# [Data excerpts]
******************************

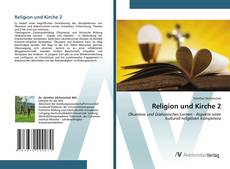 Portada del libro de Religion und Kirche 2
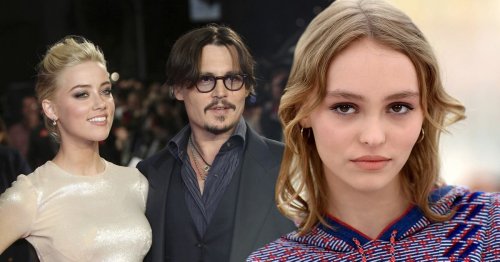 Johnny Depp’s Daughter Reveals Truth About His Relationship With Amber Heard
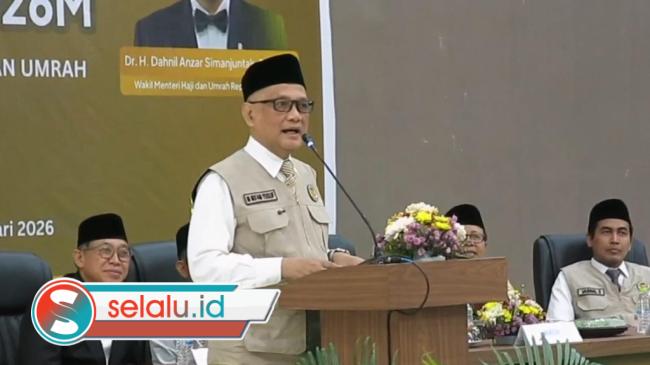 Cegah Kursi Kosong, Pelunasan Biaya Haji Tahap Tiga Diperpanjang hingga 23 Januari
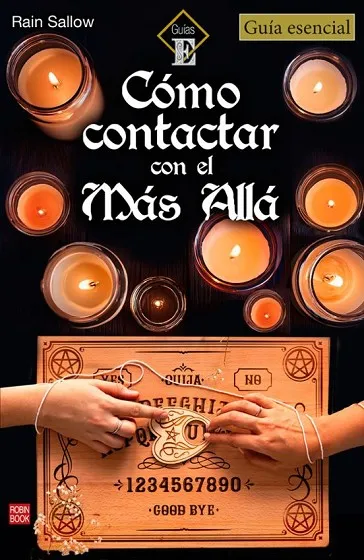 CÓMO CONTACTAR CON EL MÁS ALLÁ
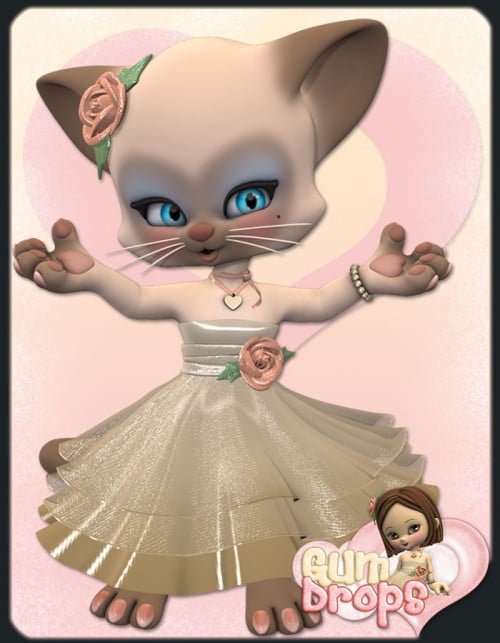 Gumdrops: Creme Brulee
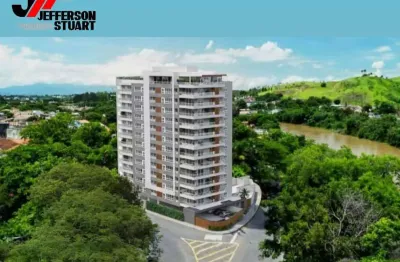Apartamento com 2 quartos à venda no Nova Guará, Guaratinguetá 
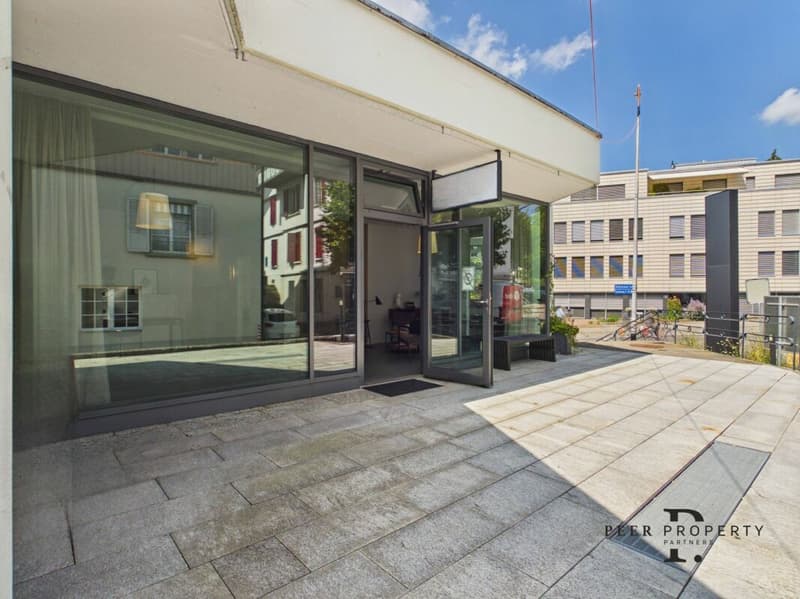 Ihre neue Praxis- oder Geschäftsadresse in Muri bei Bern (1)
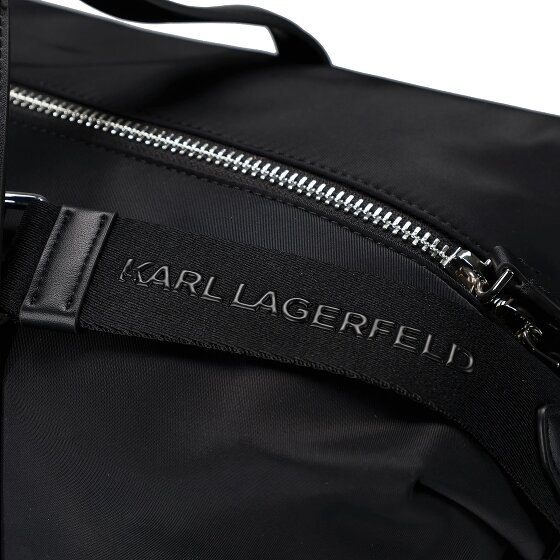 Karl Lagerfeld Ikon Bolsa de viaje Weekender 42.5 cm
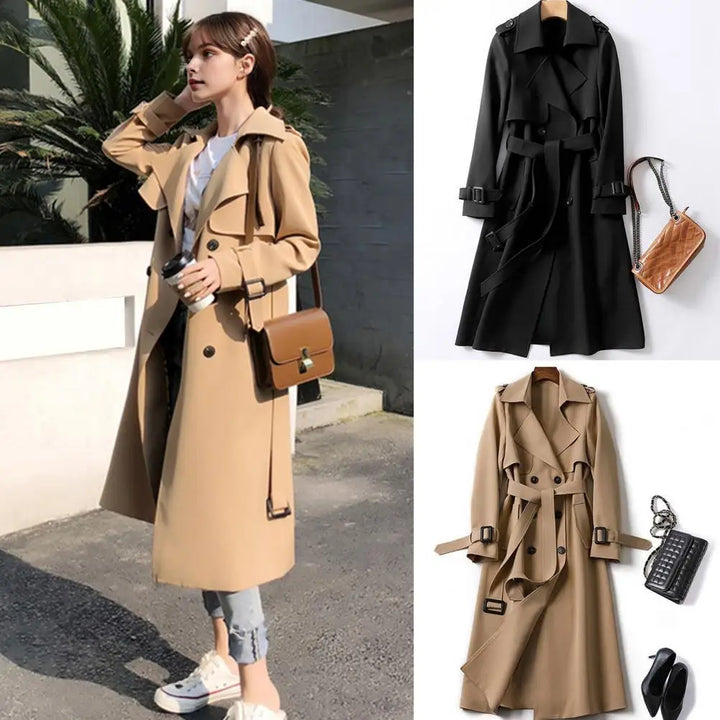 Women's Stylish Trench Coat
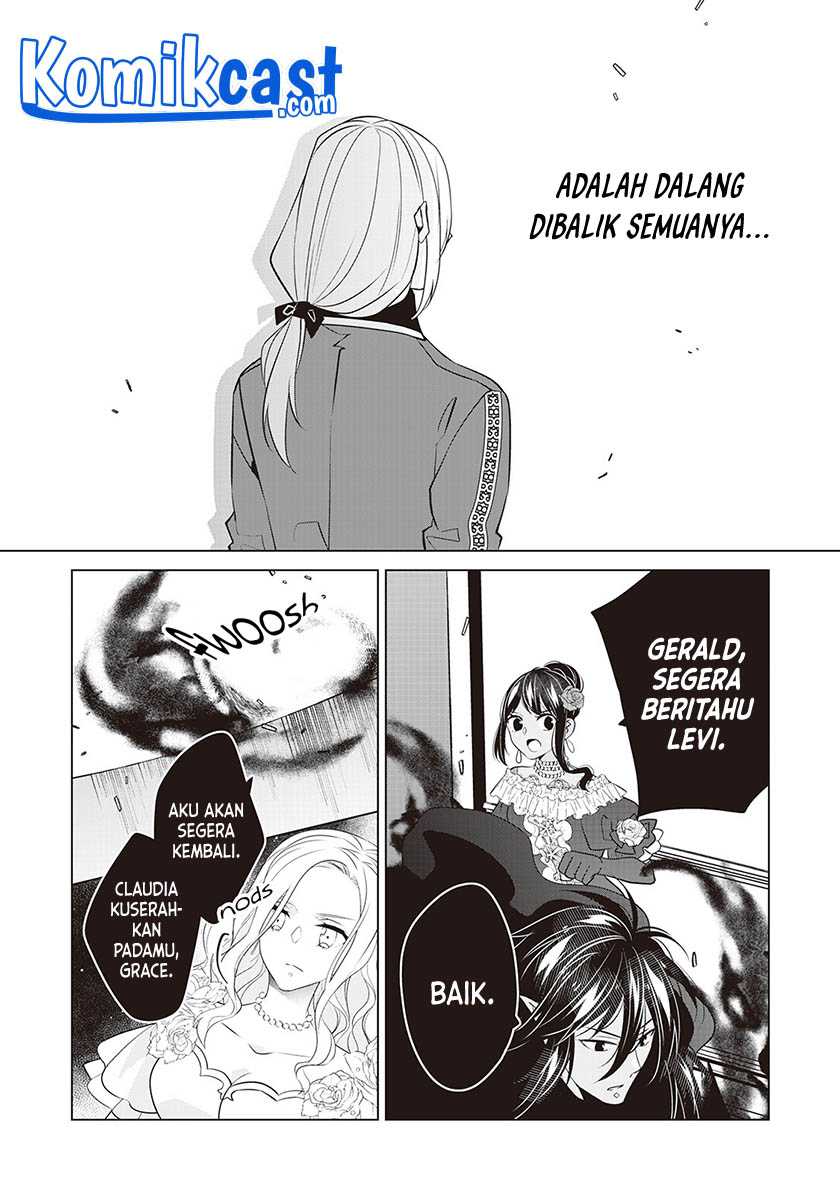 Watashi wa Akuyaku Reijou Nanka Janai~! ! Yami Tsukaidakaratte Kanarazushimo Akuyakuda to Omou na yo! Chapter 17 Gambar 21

******************************

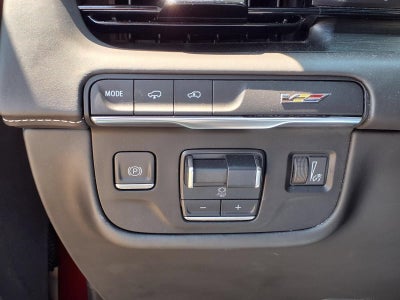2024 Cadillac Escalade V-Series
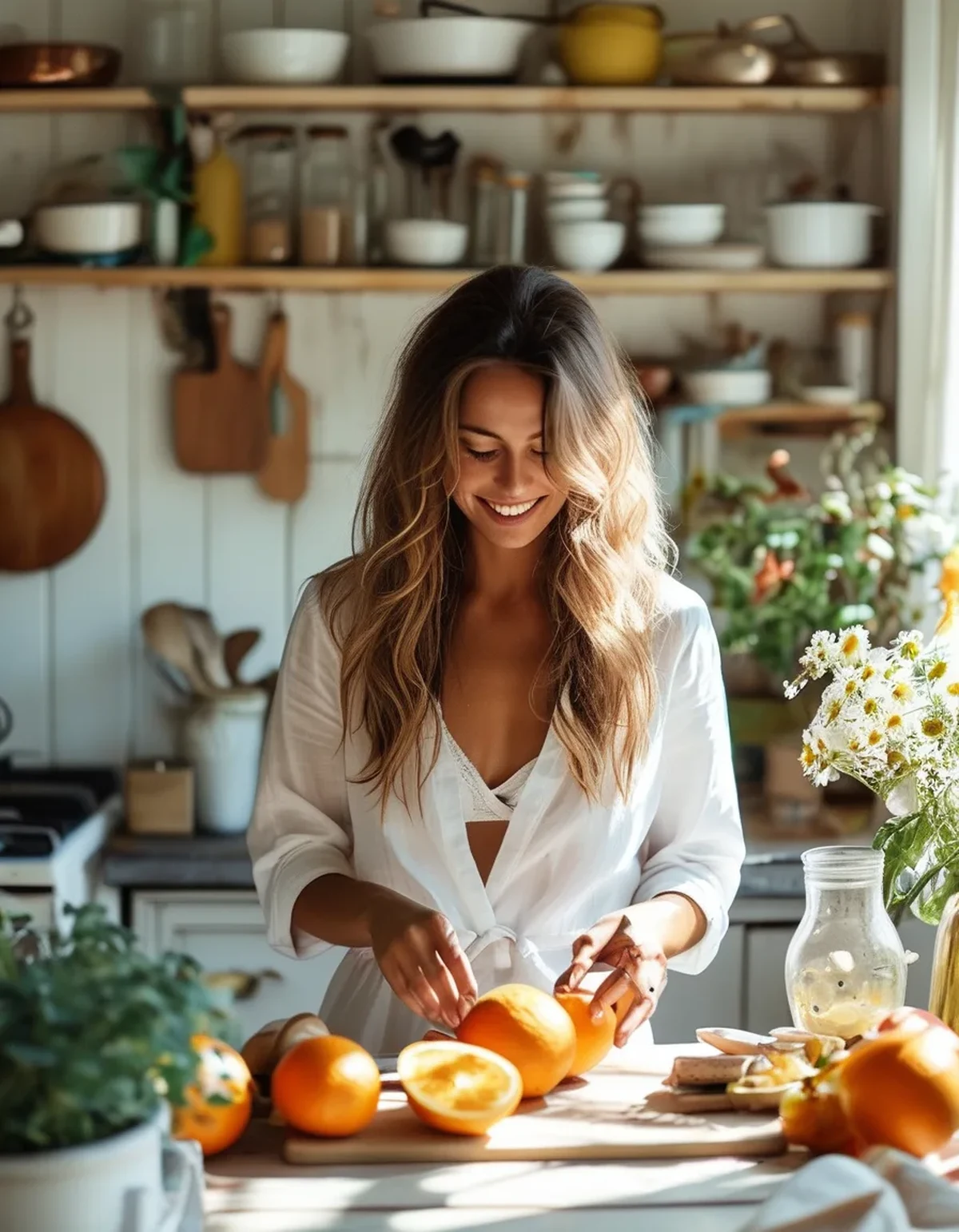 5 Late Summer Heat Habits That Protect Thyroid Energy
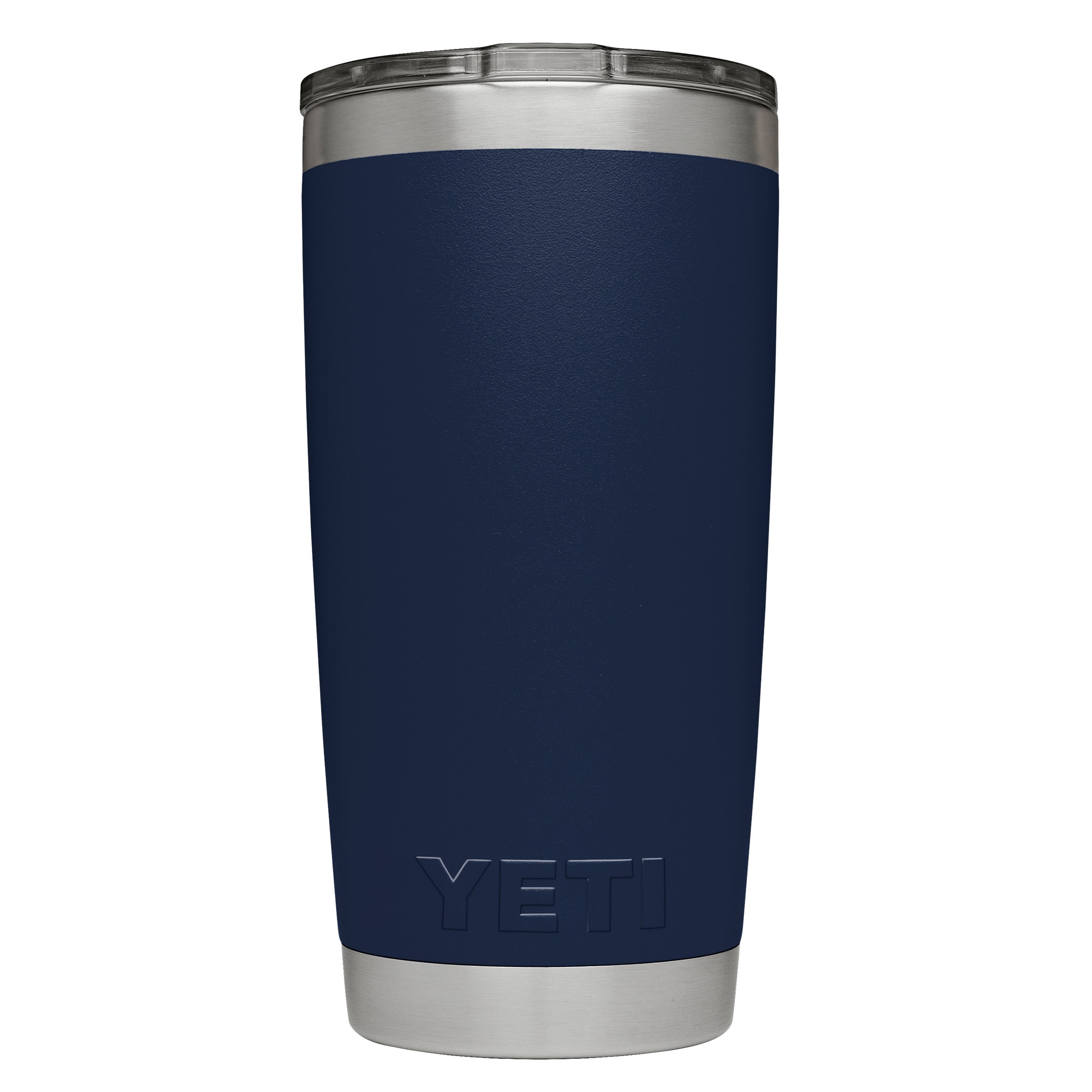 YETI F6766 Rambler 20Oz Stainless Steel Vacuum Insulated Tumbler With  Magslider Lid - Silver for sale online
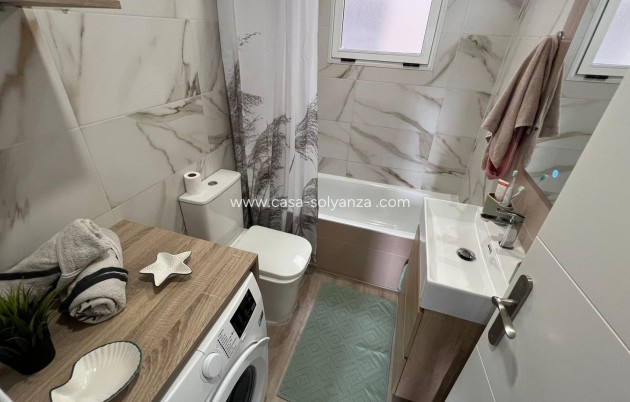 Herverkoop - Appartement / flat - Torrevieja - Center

******************************

# [Work to be completed]
In the listing above, find the line with "Johnny Depp’s Daughter" and the line with "Gumdrops: Creme Brulee". Output both, plus every line between them, and no pictures.

# [Reply]
 Johnny Depp’s Daughter Reveals Truth About His Relationship With Amber Heard
 Cegah Kursi Kosong, Pelunasan Biaya Haji Tahap Tiga Diperpanjang hingga 23 Januari
 CÓMO CONTACTAR CON EL MÁS ALLÁ
 Gumdrops: Creme Brulee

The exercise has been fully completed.